5:00 PM on 04.13.2012 // Joseph Leray

The somewhat mythologized sub-genre called street soccer -- as presented by FIFA Street -- is hedonistic and excessive, with a strong tilt toward showboating and theatrics. It’s puzzling, then, that EA Sports decided to use Lionel Messi for the game’s cover art.

Messi is efficient and graceful; Street is abrasive and flamboyant. His natural talent was nurtured by, and continues to flourish at, FC Barcelona, which is one of the most group-oriented teams in the world. There’s no room for cocky individualism in the Nou Camp.

Messi is kind of quiet and goofy.
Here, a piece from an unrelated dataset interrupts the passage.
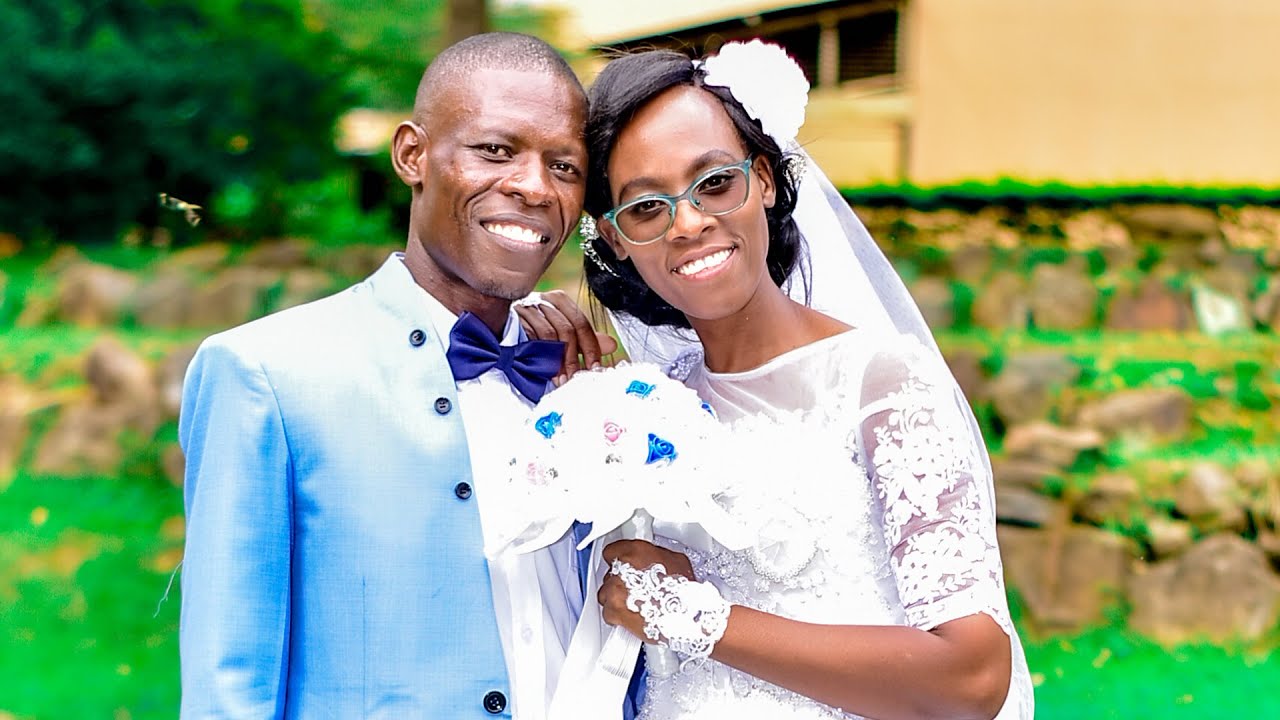 Hancity Weds Victor || SDA Kisumu Central Church - 2022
If EA Canada wanted someone to fit into Street’s dubsteppy chav aesthetic, Wayne Rooney would have been ideal. For a cover athlete with the sheer audacity to pull off the stunts Street allows -- but without the marketing chops -- look no further than Mario Balotelli.
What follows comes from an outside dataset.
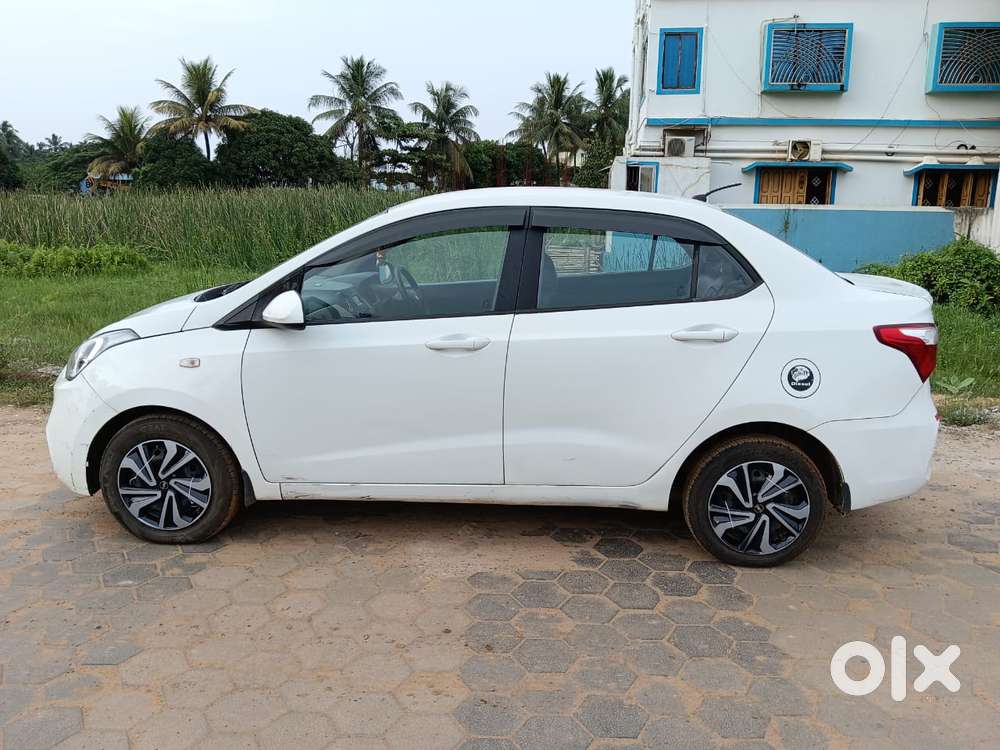 Hyundai Xcent 1.2 Crdi Sx Option, 2017, Diesel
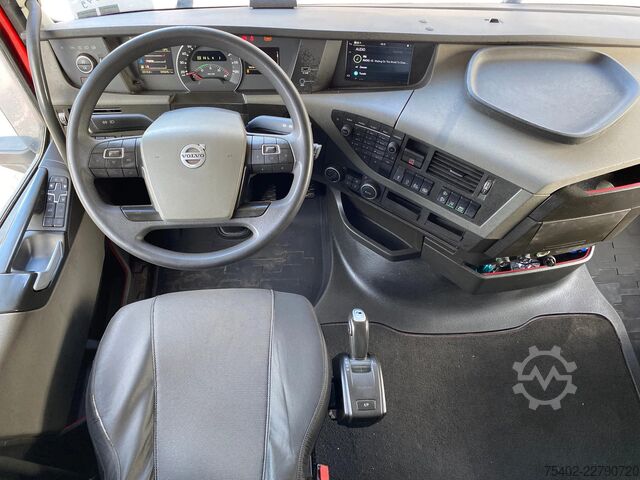 Estándar-SZM Volvo FH 13.420 Globetrotter / Automatic / Euro 6D / ...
Leo Messi’s presence imparts a certain malaise, and it’s not long before you start to wonder if the same marketing dudes who designed the cover also called for FIFA Street’s vapid RPG elements and stunted social networking features.

FIFA Street (Xbox 360 [reviewed], PlayStation 3)
Developer: EA Canada
Publisher: EA Sports
Release: March 13, 2012 (NA) / March 16, 2012 (EU)
MSRP: $59.99

Everything in FIFA Street -- from the granular acts of dribbling and juggling past opponents to the overarching systems that govern in-game tournaments and team-building -- feels loose and disconnected.

There are two different dribbling systems, but they never seem to interact. The right analog stick governs a large number of pre-animated flicks, step-overs, roulettes, and turns designed to be performed within the run of play. Another discrete system for dribbling while standing still ostensibly attaches your avatar's foot to the ball with an invisible string, but there seems to be no overlap between the two.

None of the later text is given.